Example City, San Francisco
5 pack: $5 fee to unlock $8 flat fares = $5 + $40 = $45 ($9/ride)
10 pack: $10 fee to unlock $7 fat fares = $10 + $70 = $80 ($8/ride)
20 pack: $20 fee to unlock $6 fat fares = $20 + $120 = $140 ($7/ride)
Terms and Conditions Apply
Each CityPass ride is only valid for rides totaling $30 or less, and limits may be lower in some cities. If the ride costs more than the allotted amount, riders are responsible for paying the flat fare plus whatever amount which exceeded the maximum
Uber CityPass is valid in participating cities, during the trip duration. If the trip duration exceeds 30 days, the Uber CityPass is valid for the first 30 days of the trip. Any time during the trip, additional CityPass packs can be purchased but the same initial duration applies.
Additional CityPass Purchases
If travelers use up their rides while on a trip, we’ll offer an extension to their Uber CityPass.
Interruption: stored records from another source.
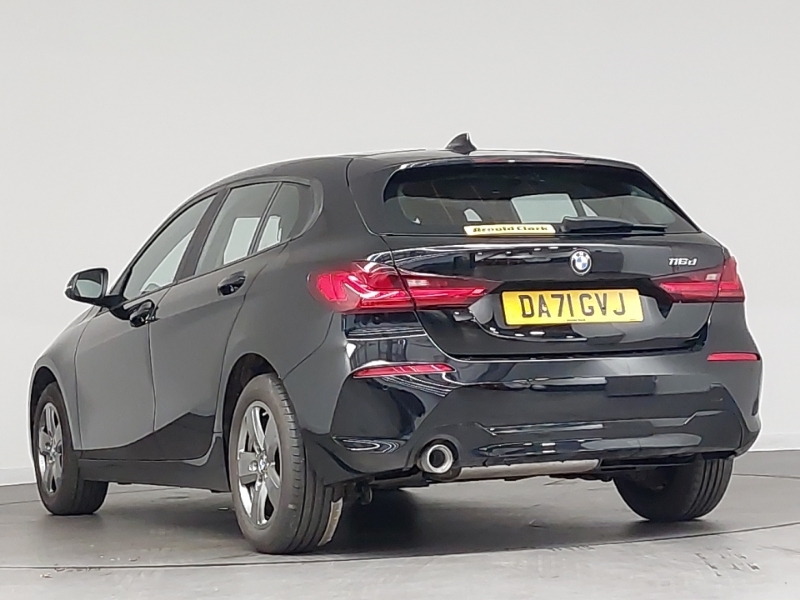 BMW 1 Series 116D Se Black #2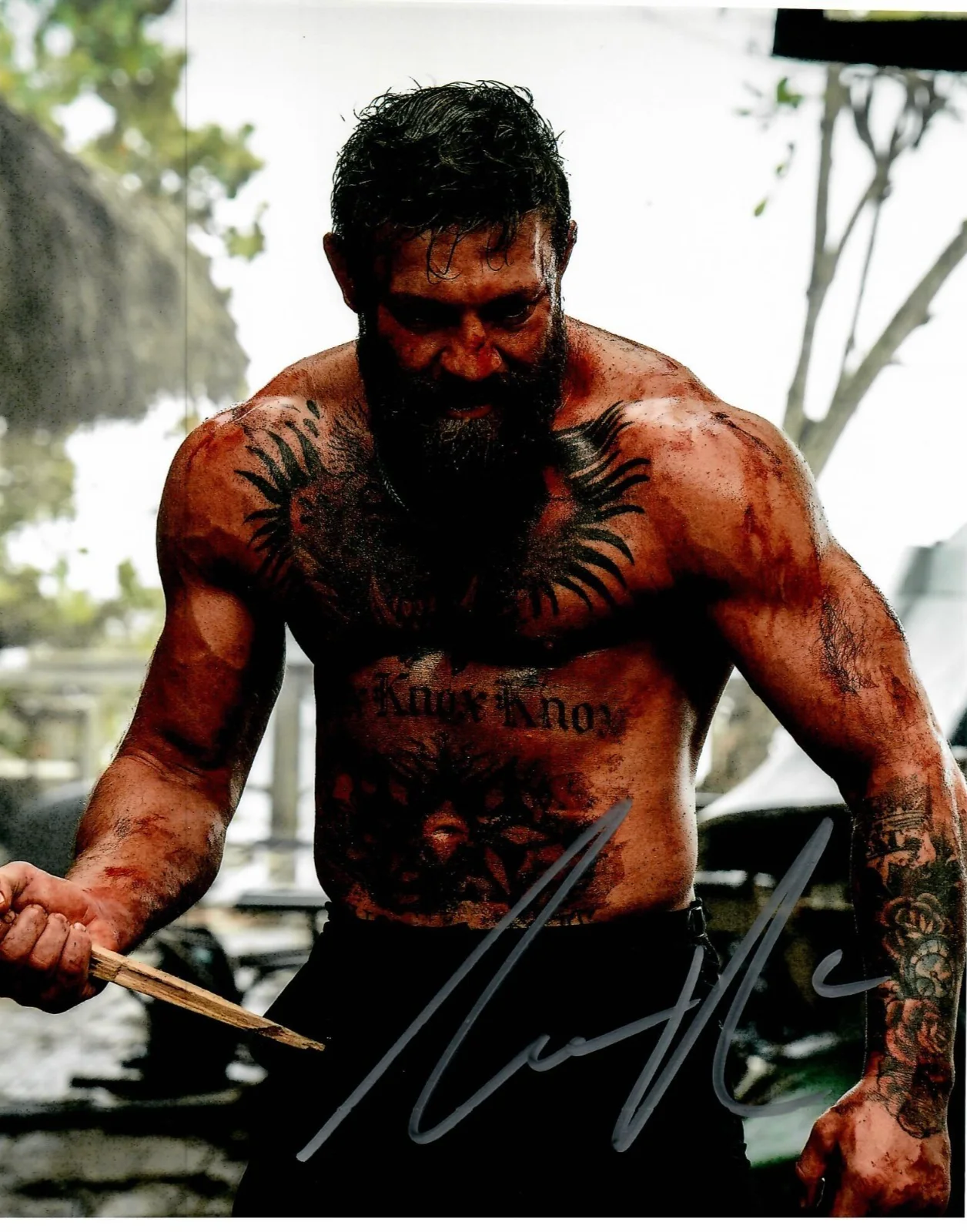 Conor McGregor — Conor McGregor MMA Actor Road House As Knox Signed 8 x 10 Photo TTM COA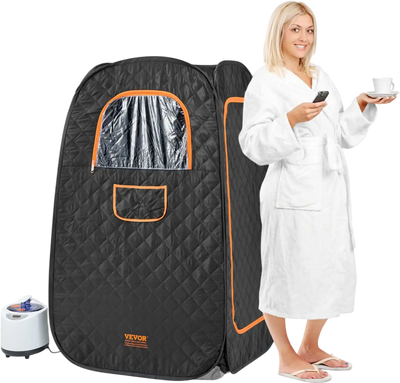 Vevor Sauna Tent Portable Steam Spa for Home Relaxation New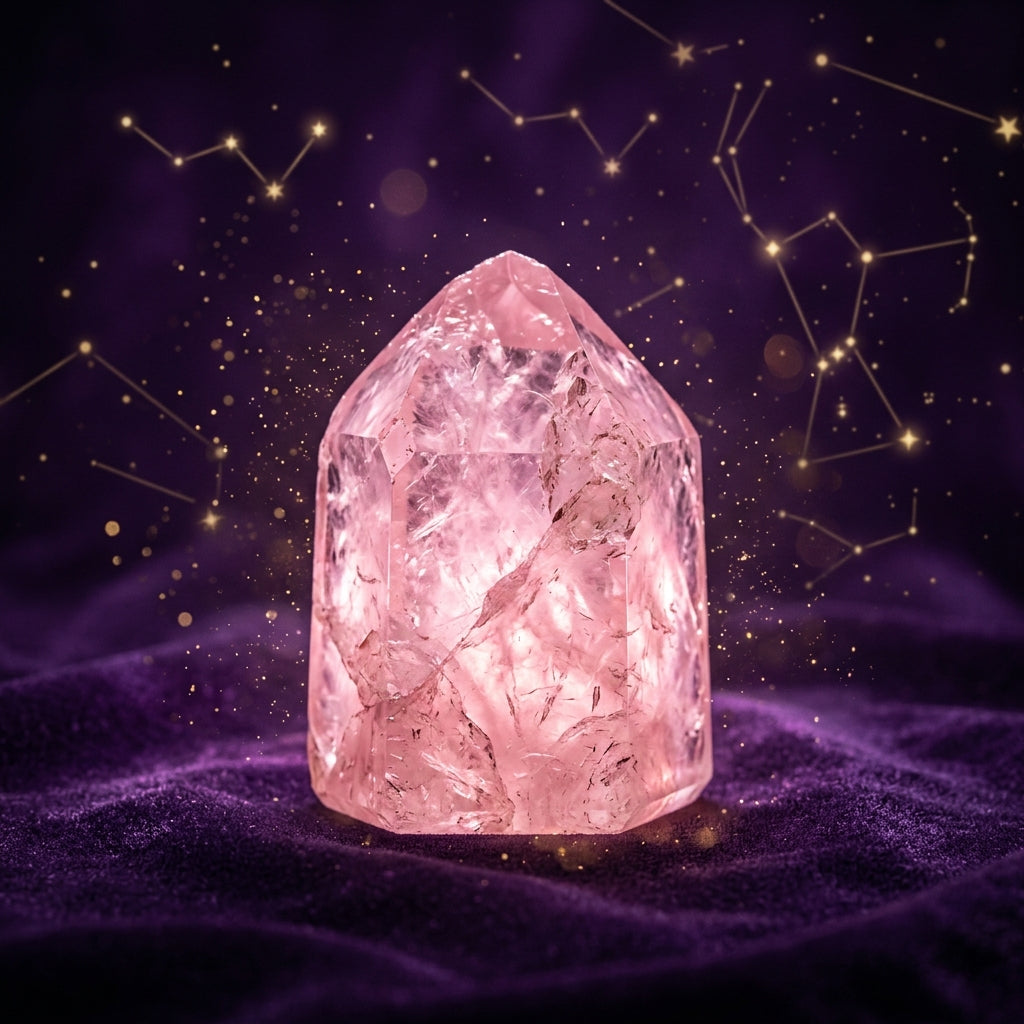Rose Quartz (Love)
The important point here is that we’re changing behavior and proving that they can get around a city without a rental car; that Uber is a safer, less stressful, less expensive option to renting a car while traveling. Uber does not pay Expedia a commission for these additional CityPass options since the transaction occurs through the Uber app.
In return for listing Uber CityPass flat fares in the checkout flow, above rental cars, Expedia receives the following terms:
Six month exclusive for Uber CityPass, no other OTA, Airline, Hotel, including AirBnB. Why? partnership goodwill, sometimes there are no direct metrics for a decision and there’s some work on the part of Expedia, in my experience an exclusive period smooths out potential bumps in the road to a happy partner.
10% commission on Uber CityPass packages booked through Expedia - same as rental cars (again, this is marginal revenue for Expedia).
Decisions Which Require Further Analysis
Pricing adjustments. Additional data includes a comparison of flat fares to what would have been the unbounded ride fares for these rides. For example compare the 10 pack rate ($8/ride) to what these rides would have been as normal UberX rides. Use this to adjust future pricing.
Analyze Expedia data and survey their customers to understand more about rental car and travel patterns. For example, how many Expedia travelers select rental prior to arrival?
What’s the price sensitivity and what’s the best pricing across customer segments.
Which cohorts and user segments make sense for this initiative? For example, we’ll start by not targeting the bargain traveler who books compact cars and stays outside of the city.
Rideshare companies like Uber and Lyft are addictive, habit forming forces that are changing our cities, how we think about car ownership, and moving from A to B. But there’s still one major blindspot with travel use cases. Uber and Lyft are losing at the airport and OTA partnerships offer a great way to change consumer behavior, to grow riders and rides from airports and in destination cities. Be it through referral bonuses, coupons, ads and other promotions, there’s a cost to changing consumer behavior and a City Pass concept of flat fares for travelers is a great way to offer riders inexpensive, low risk alternatives to car rentals, parking, and local cabs. Hopefully, the airport car rental shuttle, hotel parking valet lines, and shady local cabs will no longer be the travel norm.